Matt Taibbi has a nice, if likely fruitless post explicating why it is that people who condemn torture are not pro-terrorist. Anyway, I think this issue has lost some cultural salience without an Administration or Congress capable of effectively using this specific illogic as a political bludgeon, but I take issue with this:
My group, the anti-torture group, believes that what should make us superior to terrorists is respect for law and due process and civilization, and that when we give in and use these tactics, we forfeit that superiority and actually confer a kind of victory to the al Qaedas of the world, people who should never be allowed any kind of victory in any arena. We furthermore think that the war on terror doesn’t get won with force alone, that it’s a conflict that ultimately has to be won politically, by winning a propaganda battle against these assholes, and we can’t win that battle so easily if people in the Middle East see us openly embrace these tactics.

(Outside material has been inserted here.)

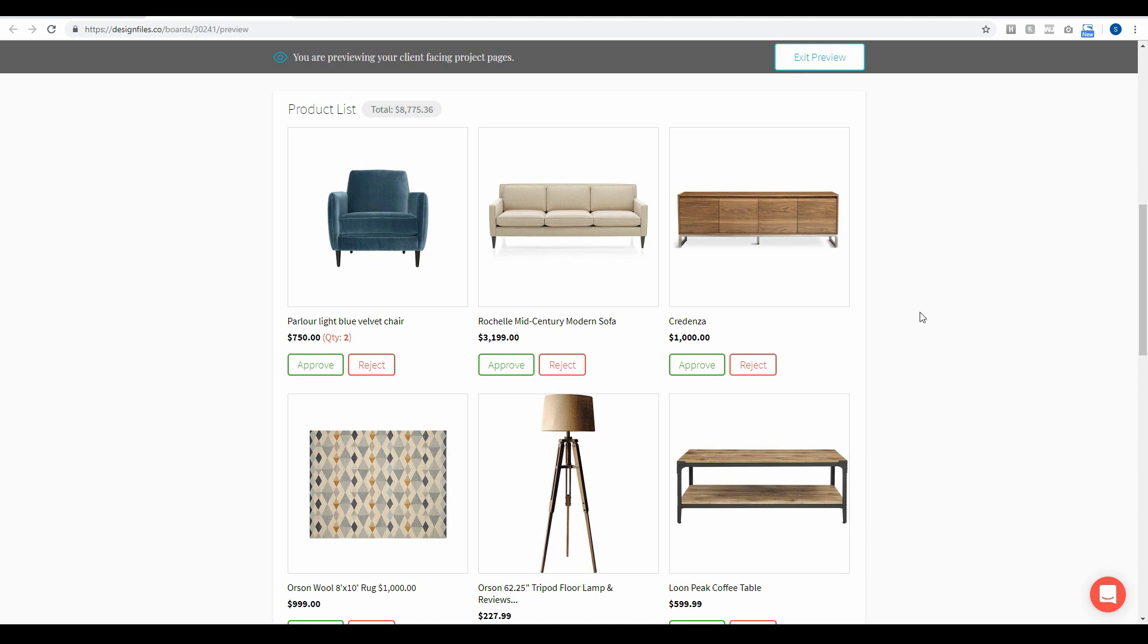So that's the latest update that we've made to the Design Files platform. Definitely get in there, log into your account, test it out and let us know what you think. As always, thanks for watching!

I understand the point Taibbi is trying to make here — and I bet he doesn’t mean this — but reducing these conflicts to a simple matter of propaganda is a dangerous misreading of the situation. The fact is, extremisim won’t be wiped out with the right PR campaign. What will ultimately suffocate large scale extremism is the development of equitable and humane governments and civil societies that allow for constructive airing of political disagreements. Obviously, propoganda plays an important role insofar as messages suffer from lack of credibility, but we can’t afford to ignore the very real socioeconomic and political factors that breed extremism. The “winning a propaganda battle” approach is essentially a tacit nod to the Bush era dictum “they hate us for our freedoms” — a postulate Osama bin Laden has explicitly denied.